The first couple days when I went in to her pen, I still needed my whip for an extension of my arm. She would melt in your arms once you had contact with her, but that first touch continued to cause her a bit of worry. Yesterday she was down resting, and I walked slowly towards her with the camera. Much to my dismay she jumped up, but later that same afternoon I walked in and was able to get up close and brush her while she stayed down. This showed a huge increase in her comfort and trust level.
Today, we had several visitors. Tawny was pretty reactive and unsure, but continues to grow more and more comfortable over all. We moved the beautiful little foal Mika, (who is also coming to California with us for training so she can be adopted) into the pen next to her. Tawny desperately wants a “horsey friend”, but is very shy and hesitant at the same time. With time however, she and Mika will no doubt bond up and be very good friends. For now though, Mika will be hanging out with our mini DaBubbles, who loves to teach babies their manners.

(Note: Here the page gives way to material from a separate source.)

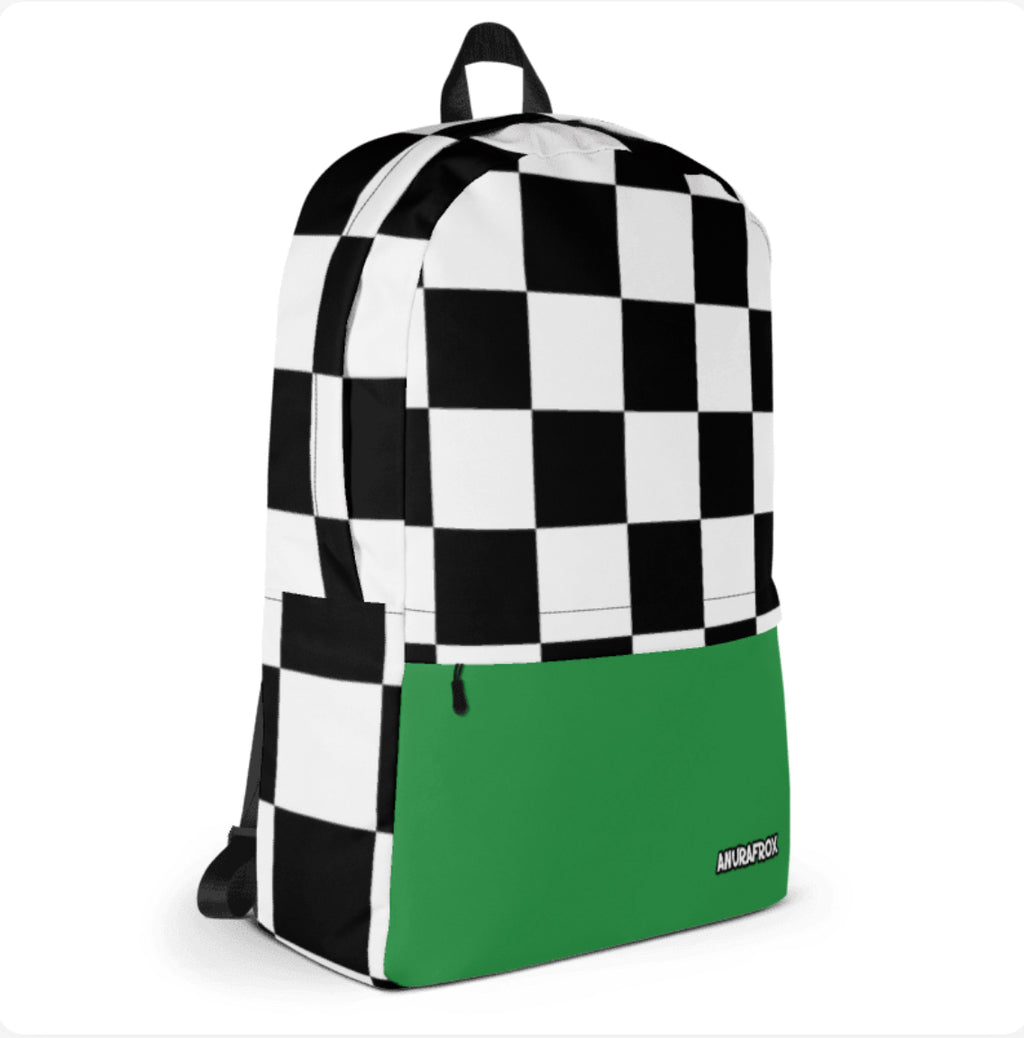 Checkerboard Sport Bookbag White/Black/Green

So once again our nursery has young life in it. Tawny needs lots and lots of love, prayers and support as always. She loves her munchies and is chowing down and on her way to gaining weight. She is simply gorgeous and is going to be an amazing and loyal friend for the lucky folks who end up adopting her. So that is the news from Chilly Pepper - Miracle Mustang. One more "miracle mustang" in residence.
God bless y'all and thank you for being part of our rescue and for jumping on "Team Tawny".